((

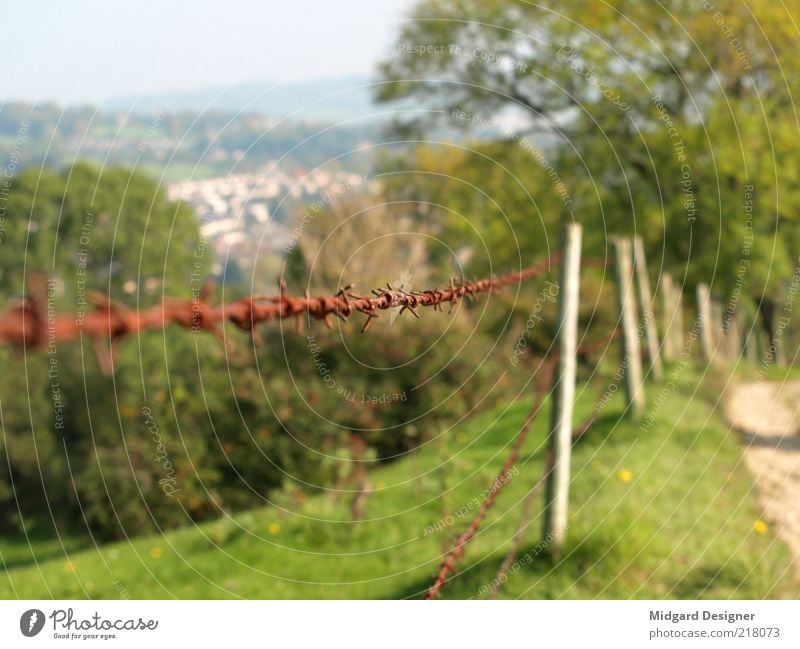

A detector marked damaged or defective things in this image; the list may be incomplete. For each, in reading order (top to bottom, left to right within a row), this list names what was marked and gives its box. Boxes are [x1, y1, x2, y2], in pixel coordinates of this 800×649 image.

rusty barbed wire [0, 256, 556, 354]
rusty barbed wire [422, 352, 560, 600]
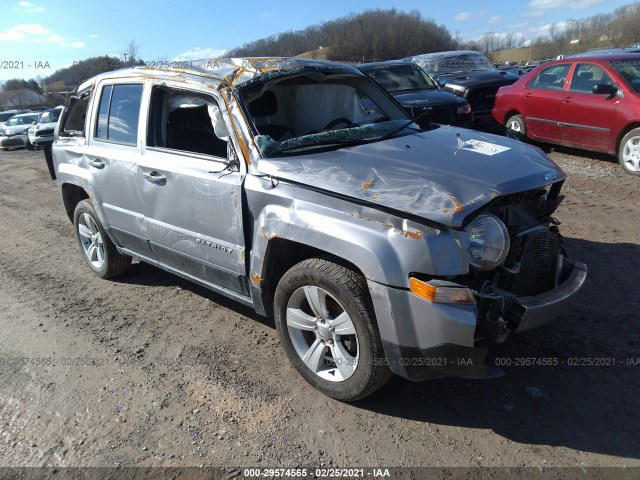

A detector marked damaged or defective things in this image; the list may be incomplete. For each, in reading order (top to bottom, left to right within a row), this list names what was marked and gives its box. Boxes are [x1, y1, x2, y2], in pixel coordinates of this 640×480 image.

damaged silver suv [50, 56, 584, 402]
rollover damage [53, 57, 584, 402]
broken windshield [240, 70, 416, 158]
cracked hood [255, 125, 564, 227]
damaged front bumper [370, 256, 584, 380]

))

▶ **Assignment**
Give back the records above exactly. Pictures stay out.

▶ **Exercise output**
A detector marked damaged or defective things in this image; the list may be incomplete. For each, in reading order (top to bottom, left to right within a row), this list names what was marked and gives its box. Boxes are [x1, y1, x2, y2], in pixel coordinates of this 800×649 image.

rusty barbed wire [0, 256, 556, 354]
rusty barbed wire [422, 352, 560, 600]

A detector marked damaged or defective things in this image; the list may be incomplete. For each, in reading order (top to bottom, left to right within a row), this list names what was marked and gives its box. Boxes are [x1, y1, x2, y2], in pixel coordinates of this 640×480 image.

damaged silver suv [50, 56, 584, 402]
rollover damage [53, 57, 584, 402]
broken windshield [240, 70, 416, 158]
cracked hood [255, 125, 564, 227]
damaged front bumper [370, 256, 584, 380]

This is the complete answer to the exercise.